Oggi Parliamo Con...

Oggi parliamo con… Riccardo Landini

Intervista a cura di  Gino Campaner

 

Oggi nello spazio interviste abbiamo il piacere di ospitare l’autore Riccardo Landini. Grazie per averci dedicato un po’ del tuo tempo.

Se non ricordo male avevi già concesso una intervista a giallo e cucina. Poco male anzi, chi volesse andarla a recuperare conoscerà in maniera specifica notizie molto interessanti su di te e sulle tue abitudini “scrittorie”, allora noi oggi, in questo nuovo incontro, parleremo più specificatamente dei tuoi romanzi e del tuo percorso nel mondo della scrittura e dell’editoria. In quella intervista parlasti del primo romanzo della trilogia dell’inganno che uscì l’anno prima (2016) ovvero Primo inganno al quale sono seguiti poi Non si ingannano i morti e Ingannando si impara. Parlaci un po’ se vuoi dell’idea di creare quella trilogia perché, come e quando….riprenderai un giorno il personaggio di Brenno Sandrelli?

Ciao Gino e grazie dell’opportunità. In effetti ti ricordi bene! Però è passato un po’ di tempo da quell’intervista e Brenno Sandrelli è andato avanti con la sua vita. La trilogia quest’anno diventerà quadrilogia, in quanto uscirà “Senza trucco, senza inganno” sempre per Cento Autori. Il personaggio originariamente era nato per un romanzo solo, ma poi ha tanto insistito a raccontarmi ciò che gli succedeva che non potevo esimermi dal proseguire la sua serie. In particolare, nel nuovo episodio, si dovrà occupare della fuga da casa di un ragazzo problematico che la madre vuole rintracciare a tutti i costi. E quando si tratta di soldi, come sai, Brenno è particolarmente sensibile. Purtroppo la sua ricerca lo porterà a incrociare la strada di un assassino che diventerà (in futuro) la sua nemesi. Se vuoi uno scoop – modesto – ti posso anticipare che, nel quinto episodio, dal titolo “Il fascino ingannevole del passato” che dovrebbe uscire nel 2021, Brenno rincontrerà dopo tanti anni suo fratello. E saranno scintille…

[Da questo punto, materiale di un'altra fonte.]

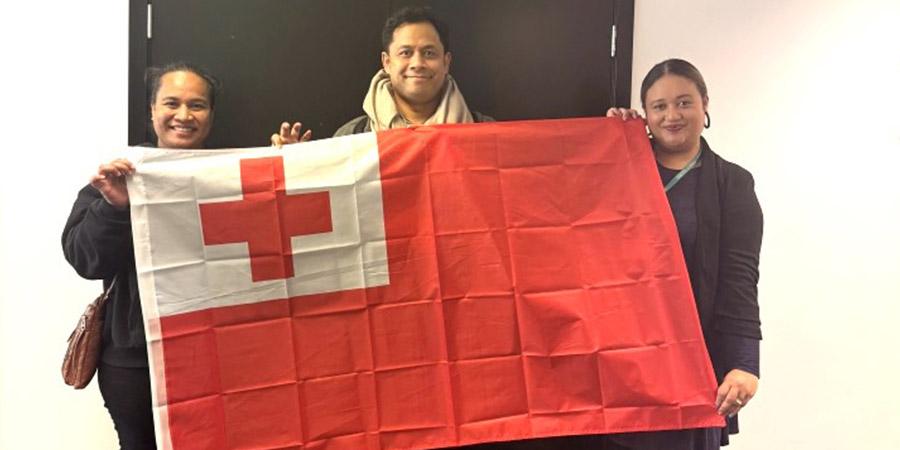 Three members of Unitec’s Tongan language week Komiti prouldy hold the Tongan flag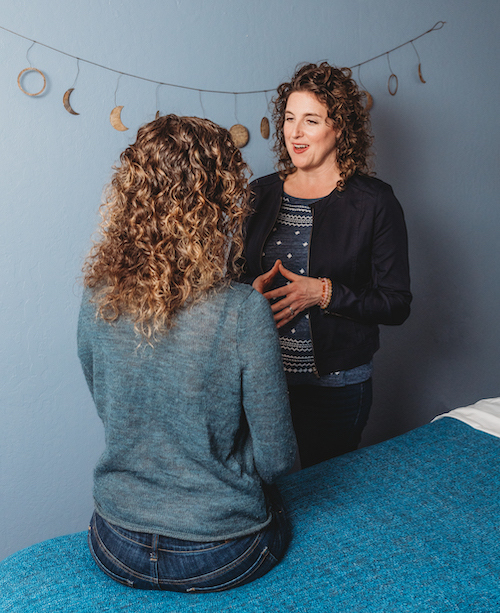 Marie Bowser standing by a tree - Acupuncture and Chinese Medicine for women's health, stress and emotional health in Albany and El Cerrito, CA with licensed acupuncturist Marie Bowser.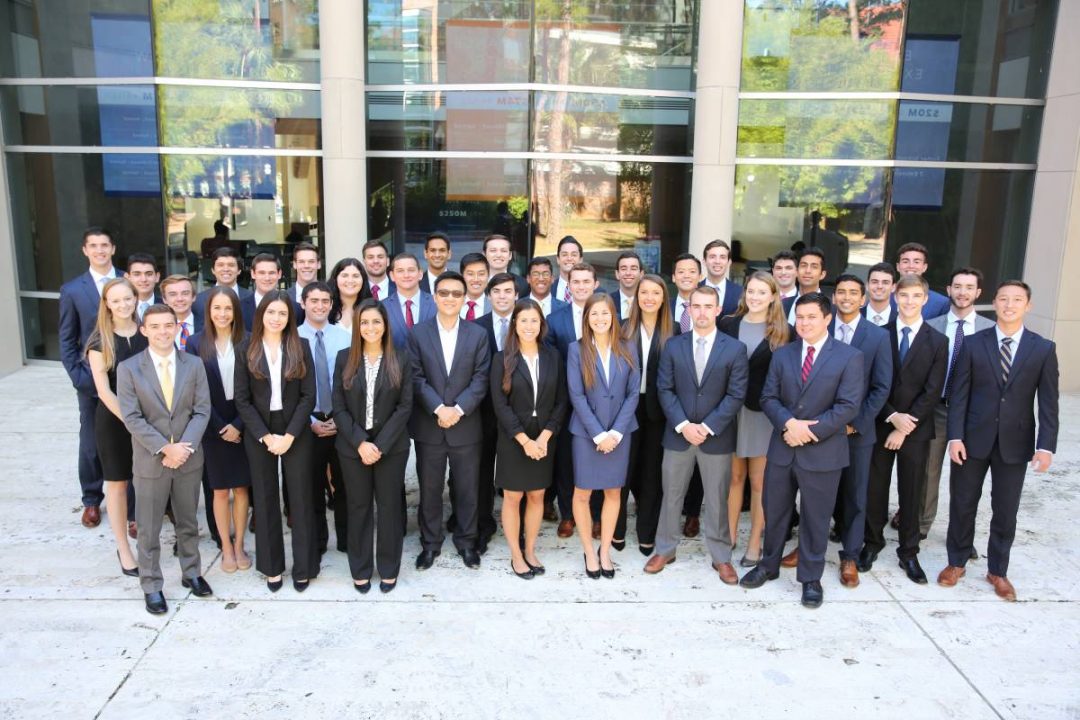 Large group of students in the Gator Student Investment Fund pose for a photo in front of Hough Hall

Scusa la piccola digressione, ma un paio di curiosità però me le voglio togliere. Siccome io leggo in prevalenza ebook vorrei sapere da te come ti rapporti con le nuove metodologie di pubblicazione del libro sia per quel che riguarda la sua versione elettronica (ebook) che per quanto riguarda gli audio book.

Dal punto di vista di scrittore non posso che apprezzare tutto ciò che può contribuire a diffondere la lettura, compresi quindi ebook e audio book. Il Giallo di via San Giorgio in ebook ha venduto davvero un mare di copie e adesso uscirà pure con Audible in versione sonora. Quindi vanno benissimo! Se invece vuoi il mio parere di lettore, per me non esiste altro che il libro di carta. Non ho mai cercato altri sistemi; devo sentire l’odore delle pagine, il loro fruscio, devo toccare la copertina, voglio che nella mia libreria ci siano e si vedano tutti i colori della letteratura. Non nego che strumenti come il kindle siano utili per chi viaggia, per chi non ha spazio in casa, anche per chi vuole risparmiare, tuttavia almeno per quanto mi riguarda non c’è gara. riccardo landini

Da dove nascono le tue storie. Elabori notizie che leggi o sono esclusivamente di fantasia?

Io sono solito dire sempre che sono i personaggi delle mie storie a venire a trovarmi per raccontare le loro avventure o, meglio, disavventure. Quindi, seguendo questa tesi un po’ pirandelliana, io mi limito ad ascoltare, talora a elaborare, e infine a riportare su carta i loro racconti. A conferma di ciò aggiungo che, durante la scrittura, non tengo appunti, non faccio schemi o scalette; sono Brenno, Astore e gli altri che mi guidano, io non aggiungo nulla. Voglio credere che sia davvero così in quanto i miei personaggi li sento proprio come fossero vivi, come fossero miei usuali compagni di viaggio. Difficilmente mi capita di ispirarmi a notizie di cronaca, anche se non potrei negarlo a priori. Siamo costantemente bombardati da news di ogni tipo, qualcosa potrebbe pure suggestionarmi.

 

Quando scrivi deve esserci assoluto silenzio o ti concentri meglio con una buona base musicale? Scrivi quando riesci o preferisci un momento particolare della giornata?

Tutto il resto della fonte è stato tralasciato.